Data extracted from a collection
----

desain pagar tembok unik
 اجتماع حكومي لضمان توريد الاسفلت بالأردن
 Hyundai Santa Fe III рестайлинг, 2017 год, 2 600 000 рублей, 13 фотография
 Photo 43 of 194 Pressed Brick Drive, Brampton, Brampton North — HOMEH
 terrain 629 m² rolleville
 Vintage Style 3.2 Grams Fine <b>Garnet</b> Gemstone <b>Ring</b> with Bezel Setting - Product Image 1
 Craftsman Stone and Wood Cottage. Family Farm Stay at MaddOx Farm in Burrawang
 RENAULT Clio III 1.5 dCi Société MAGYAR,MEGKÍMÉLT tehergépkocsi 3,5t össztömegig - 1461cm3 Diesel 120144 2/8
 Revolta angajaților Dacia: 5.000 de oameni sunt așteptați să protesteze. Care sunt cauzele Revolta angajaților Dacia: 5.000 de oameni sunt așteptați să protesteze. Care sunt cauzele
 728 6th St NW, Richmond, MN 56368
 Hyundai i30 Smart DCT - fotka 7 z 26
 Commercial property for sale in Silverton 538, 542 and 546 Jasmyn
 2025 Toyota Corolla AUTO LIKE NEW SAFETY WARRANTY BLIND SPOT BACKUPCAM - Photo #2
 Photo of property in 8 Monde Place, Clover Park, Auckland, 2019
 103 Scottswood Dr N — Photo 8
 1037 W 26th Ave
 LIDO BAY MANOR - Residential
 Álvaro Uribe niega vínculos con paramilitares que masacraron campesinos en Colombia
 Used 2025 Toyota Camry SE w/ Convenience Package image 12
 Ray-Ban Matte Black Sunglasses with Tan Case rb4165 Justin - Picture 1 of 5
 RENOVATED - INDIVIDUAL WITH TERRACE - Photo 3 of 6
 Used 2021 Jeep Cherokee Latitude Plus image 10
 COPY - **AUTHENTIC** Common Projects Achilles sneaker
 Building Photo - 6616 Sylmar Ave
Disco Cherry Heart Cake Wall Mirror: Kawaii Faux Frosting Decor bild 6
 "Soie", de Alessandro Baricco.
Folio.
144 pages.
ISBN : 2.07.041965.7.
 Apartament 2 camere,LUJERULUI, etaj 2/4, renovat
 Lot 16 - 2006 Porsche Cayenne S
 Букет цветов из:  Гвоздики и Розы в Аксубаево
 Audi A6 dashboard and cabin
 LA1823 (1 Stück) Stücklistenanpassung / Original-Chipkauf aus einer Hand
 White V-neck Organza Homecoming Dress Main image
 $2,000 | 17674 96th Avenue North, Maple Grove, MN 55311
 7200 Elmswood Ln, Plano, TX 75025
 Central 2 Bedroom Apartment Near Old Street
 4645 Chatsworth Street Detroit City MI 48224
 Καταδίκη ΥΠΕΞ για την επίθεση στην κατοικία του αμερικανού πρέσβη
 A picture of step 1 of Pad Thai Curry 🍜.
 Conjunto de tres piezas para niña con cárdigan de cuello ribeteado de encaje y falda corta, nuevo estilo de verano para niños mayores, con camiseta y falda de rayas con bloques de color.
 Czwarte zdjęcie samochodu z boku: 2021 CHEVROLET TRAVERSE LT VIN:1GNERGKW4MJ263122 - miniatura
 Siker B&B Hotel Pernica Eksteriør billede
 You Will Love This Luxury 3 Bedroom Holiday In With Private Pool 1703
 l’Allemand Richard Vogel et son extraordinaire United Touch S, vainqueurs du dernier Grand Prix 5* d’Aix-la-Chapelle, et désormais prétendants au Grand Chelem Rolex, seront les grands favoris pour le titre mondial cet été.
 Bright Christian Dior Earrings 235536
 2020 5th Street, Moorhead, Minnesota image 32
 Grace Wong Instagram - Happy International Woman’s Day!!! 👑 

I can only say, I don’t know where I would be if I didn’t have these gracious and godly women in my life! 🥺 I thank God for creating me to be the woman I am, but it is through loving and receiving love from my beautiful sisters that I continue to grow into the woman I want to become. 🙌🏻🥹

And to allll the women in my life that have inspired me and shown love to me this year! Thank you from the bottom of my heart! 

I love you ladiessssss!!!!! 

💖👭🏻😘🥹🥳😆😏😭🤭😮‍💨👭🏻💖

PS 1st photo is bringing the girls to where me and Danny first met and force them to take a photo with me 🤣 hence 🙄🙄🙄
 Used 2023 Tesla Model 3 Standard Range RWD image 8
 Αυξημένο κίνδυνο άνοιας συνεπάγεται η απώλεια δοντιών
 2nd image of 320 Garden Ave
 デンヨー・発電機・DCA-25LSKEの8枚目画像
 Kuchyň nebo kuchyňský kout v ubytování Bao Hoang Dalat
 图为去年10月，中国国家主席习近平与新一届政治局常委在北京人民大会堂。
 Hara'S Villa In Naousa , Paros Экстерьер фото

----

**Directions**. An exact repeat of all the records is required.

**Finished task**.
desain pagar tembok unik
 اجتماع حكومي لضمان توريد الاسفلت بالأردن
 Hyundai Santa Fe III рестайлинг, 2017 год, 2 600 000 рублей, 13 фотография
 Photo 43 of 194 Pressed Brick Drive, Brampton, Brampton North — HOMEH
 terrain 629 m² rolleville
 Vintage Style 3.2 Grams Fine <b>Garnet</b> Gemstone <b>Ring</b> with Bezel Setting - Product Image 1
 Craftsman Stone and Wood Cottage. Family Farm Stay at MaddOx Farm in Burrawang
 RENAULT Clio III 1.5 dCi Société MAGYAR,MEGKÍMÉLT tehergépkocsi 3,5t össztömegig - 1461cm3 Diesel 120144 2/8
 Revolta angajaților Dacia: 5.000 de oameni sunt așteptați să protesteze. Care sunt cauzele Revolta angajaților Dacia: 5.000 de oameni sunt așteptați să protesteze. Care sunt cauzele
 728 6th St NW, Richmond, MN 56368
 Hyundai i30 Smart DCT - fotka 7 z 26
 Commercial property for sale in Silverton 538, 542 and 546 Jasmyn
 2025 Toyota Corolla AUTO LIKE NEW SAFETY WARRANTY BLIND SPOT BACKUPCAM - Photo #2
 Photo of property in 8 Monde Place, Clover Park, Auckland, 2019
 103 Scottswood Dr N — Photo 8
 1037 W 26th Ave
 LIDO BAY MANOR - Residential
 Álvaro Uribe niega vínculos con paramilitares que masacraron campesinos en Colombia
 Used 2025 Toyota Camry SE w/ Convenience Package image 12
 Ray-Ban Matte Black Sunglasses with Tan Case rb4165 Justin - Picture 1 of 5
 RENOVATED - INDIVIDUAL WITH TERRACE - Photo 3 of 6
 Used 2021 Jeep Cherokee Latitude Plus image 10
 COPY - **AUTHENTIC** Common Projects Achilles sneaker
 Building Photo - 6616 Sylmar Ave
Disco Cherry Heart Cake Wall Mirror: Kawaii Faux Frosting Decor bild 6
 "Soie", de Alessandro Baricco.
Folio.
144 pages.
ISBN : 2.07.041965.7.
 Apartament 2 camere,LUJERULUI, etaj 2/4, renovat
 Lot 16 - 2006 Porsche Cayenne S
 Букет цветов из:  Гвоздики и Розы в Аксубаево
 Audi A6 dashboard and cabin
 LA1823 (1 Stück) Stücklistenanpassung / Original-Chipkauf aus einer Hand
 White V-neck Organza Homecoming Dress Main image
 $2,000 | 17674 96th Avenue North, Maple Grove, MN 55311
 7200 Elmswood Ln, Plano, TX 75025
 Central 2 Bedroom Apartment Near Old Street
 4645 Chatsworth Street Detroit City MI 48224
 Καταδίκη ΥΠΕΞ για την επίθεση στην κατοικία του αμερικανού πρέσβη
 A picture of step 1 of Pad Thai Curry 🍜.
 Conjunto de tres piezas para niña con cárdigan de cuello ribeteado de encaje y falda corta, nuevo estilo de verano para niños mayores, con camiseta y falda de rayas con bloques de color.
 Czwarte zdjęcie samochodu z boku: 2021 CHEVROLET TRAVERSE LT VIN:1GNERGKW4MJ263122 - miniatura
 Siker B&B Hotel Pernica Eksteriør billede
 You Will Love This Luxury 3 Bedroom Holiday In With Private Pool 1703
 l’Allemand Richard Vogel et son extraordinaire United Touch S, vainqueurs du dernier Grand Prix 5* d’Aix-la-Chapelle, et désormais prétendants au Grand Chelem Rolex, seront les grands favoris pour le titre mondial cet été.
 Bright Christian Dior Earrings 235536
 2020 5th Street, Moorhead, Minnesota image 32
 Grace Wong Instagram - Happy International Woman’s Day!!! 👑 

I can only say, I don’t know where I would be if I didn’t have these gracious and godly women in my life! 🥺 I thank God for creating me to be the woman I am, but it is through loving and receiving love from my beautiful sisters that I continue to grow into the woman I want to become. 🙌🏻🥹

And to allll the women in my life that have inspired me and shown love to me this year! Thank you from the bottom of my heart! 

I love you ladiessssss!!!!! 

💖👭🏻😘🥹🥳😆😏😭🤭😮‍💨👭🏻💖

PS 1st photo is bringing the girls to where me and Danny first met and force them to take a photo with me 🤣 hence 🙄🙄🙄
 Used 2023 Tesla Model 3 Standard Range RWD image 8
 Αυξημένο κίνδυνο άνοιας συνεπάγεται η απώλεια δοντιών
 2nd image of 320 Garden Ave
 デンヨー・発電機・DCA-25LSKEの8枚目画像
 Kuchyň nebo kuchyňský kout v ubytování Bao Hoang Dalat
 图为去年10月，中国国家主席习近平与新一届政治局常委在北京人民大会堂。
 Hara'S Villa In Naousa , Paros Экстерьер фото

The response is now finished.